Captioned web image data:
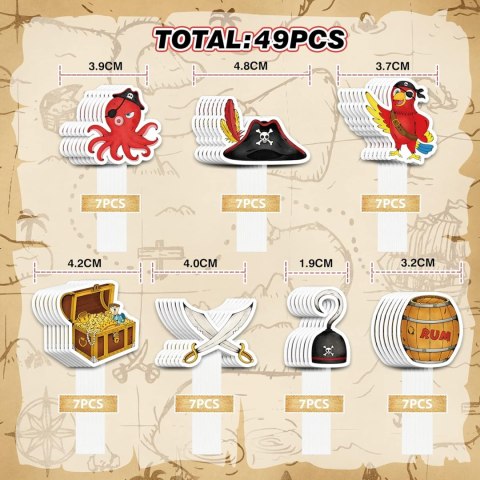 TOPPERY NA BABECZKI TORT DEKORACJA PIRACKIE PAPUGA RUM OŚMIORNICA 49elem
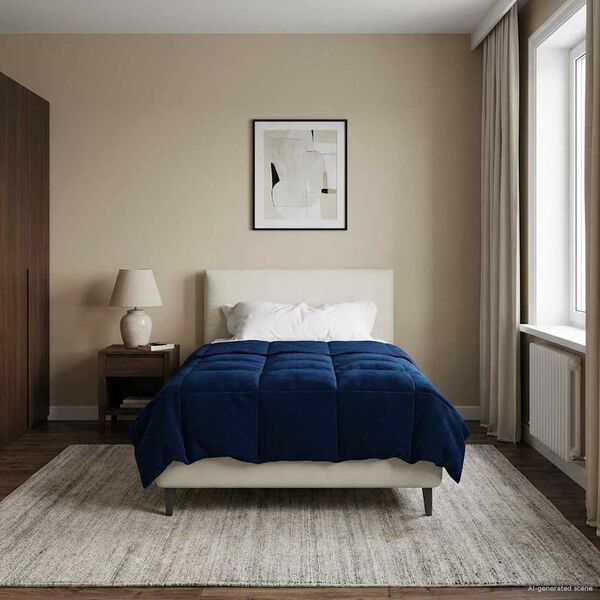 vidaXL Suvised teki Rapistatud Tumesinine 135 x 200 cm Mikrokiud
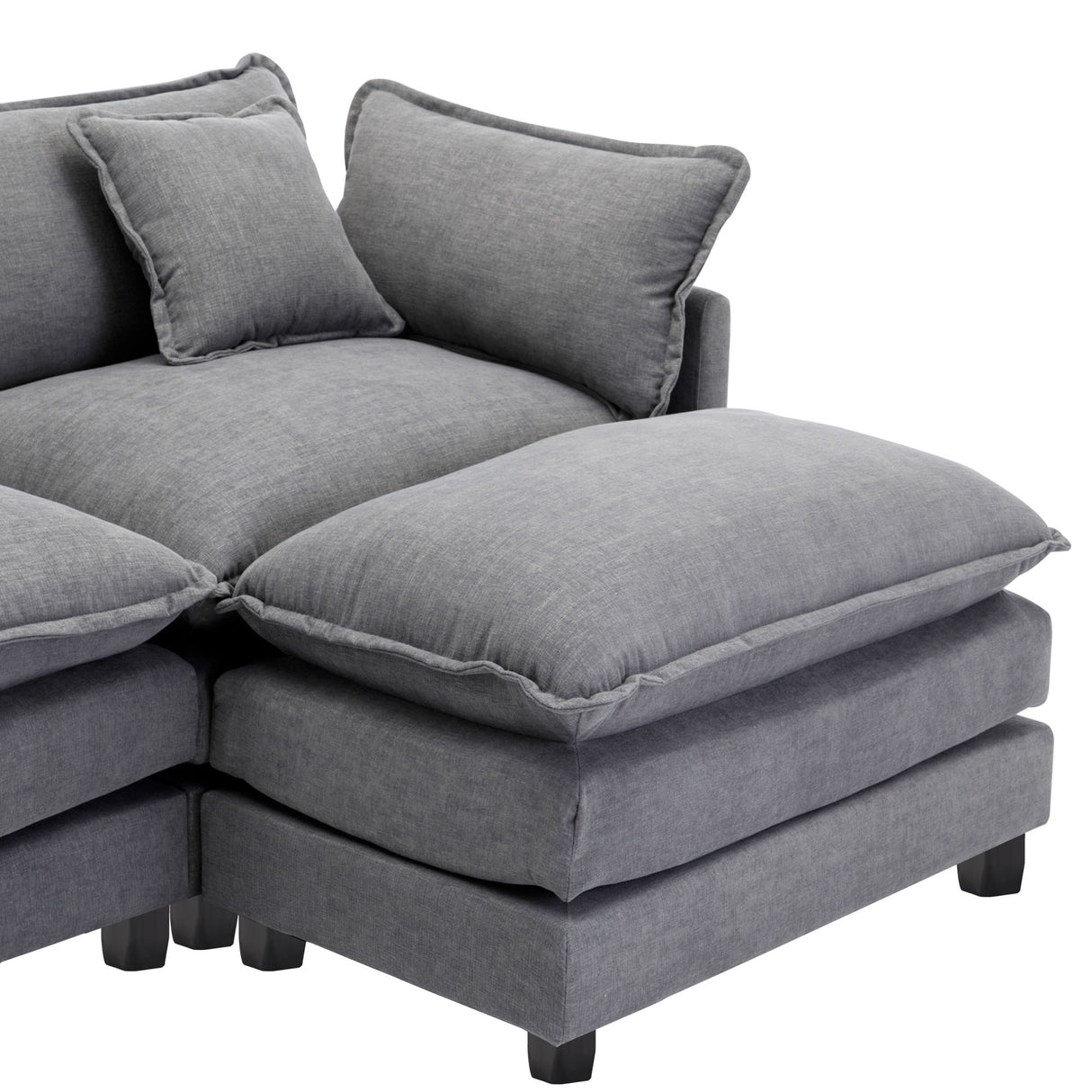 112.2" Chenille Upholstered Sofa with Ottoman and 5 Pillows - Gray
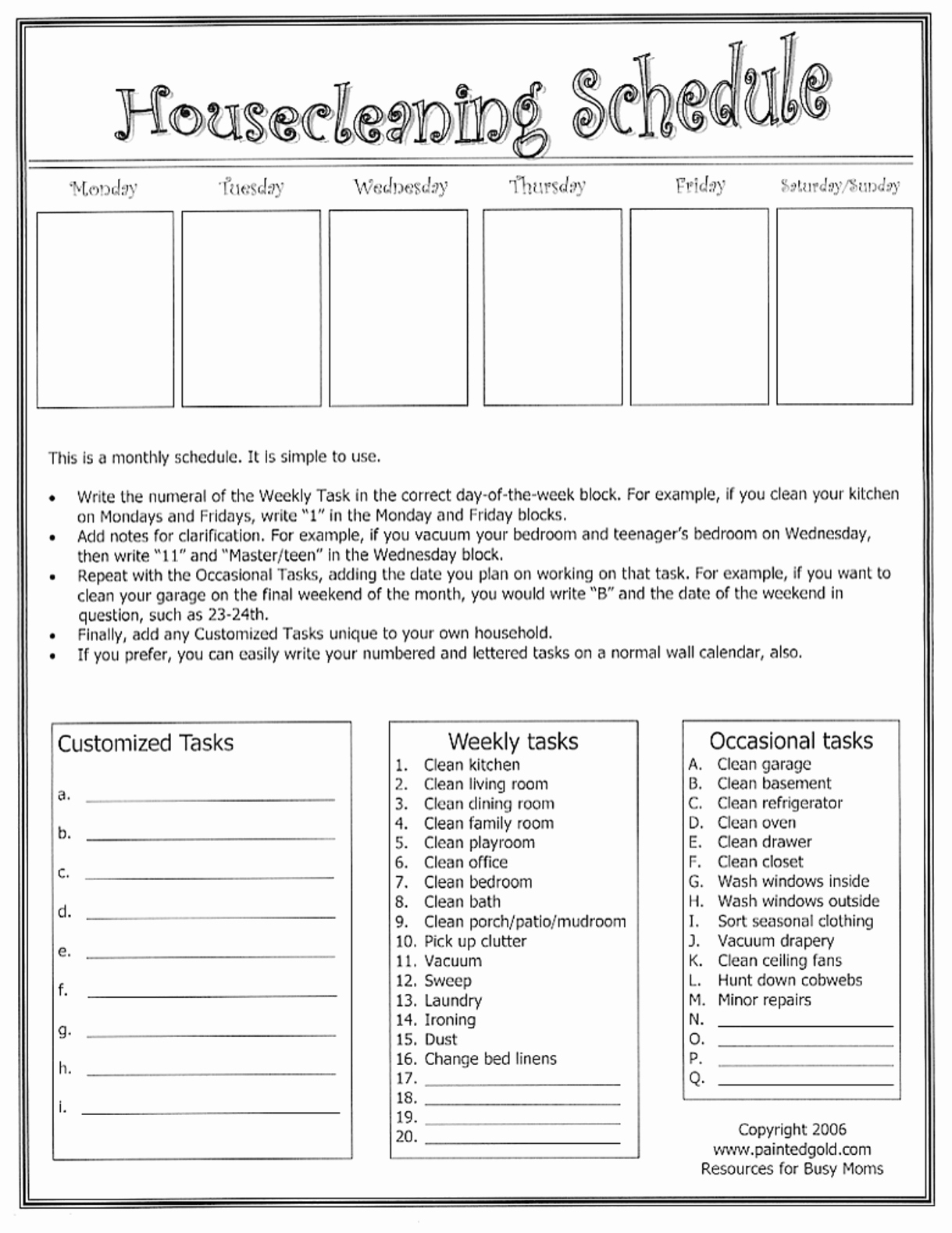 Chore List Template for Adults Elegant 6 Best Of Household Chore Chart for Adults
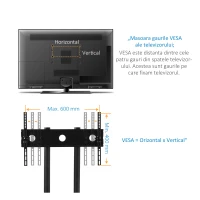 HOMCOM Carucior Suport Televizor pentru TV 32-65" Inaltime si Unghi Reglabile(m-9)
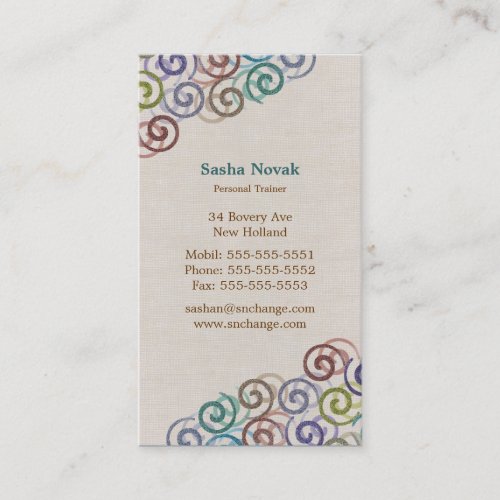 Spiral Personal Trainer Business Card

Aim of the task: The reply must hold each line of the records verbatim and no pictures.

Answer area:
 TOPPERY NA BABECZKI TORT DEKORACJA PIRACKIE PAPUGA RUM OŚMIORNICA 49elem
 vidaXL Suvised teki Rapistatud Tumesinine 135 x 200 cm Mikrokiud
 112.2" Chenille Upholstered Sofa with Ottoman and 5 Pillows - Gray
 Chore List Template for Adults Elegant 6 Best Of Household Chore Chart for Adults
 HOMCOM Carucior Suport Televizor pentru TV 32-65" Inaltime si Unghi Reglabile(m-9)
 Spiral Personal Trainer Business Card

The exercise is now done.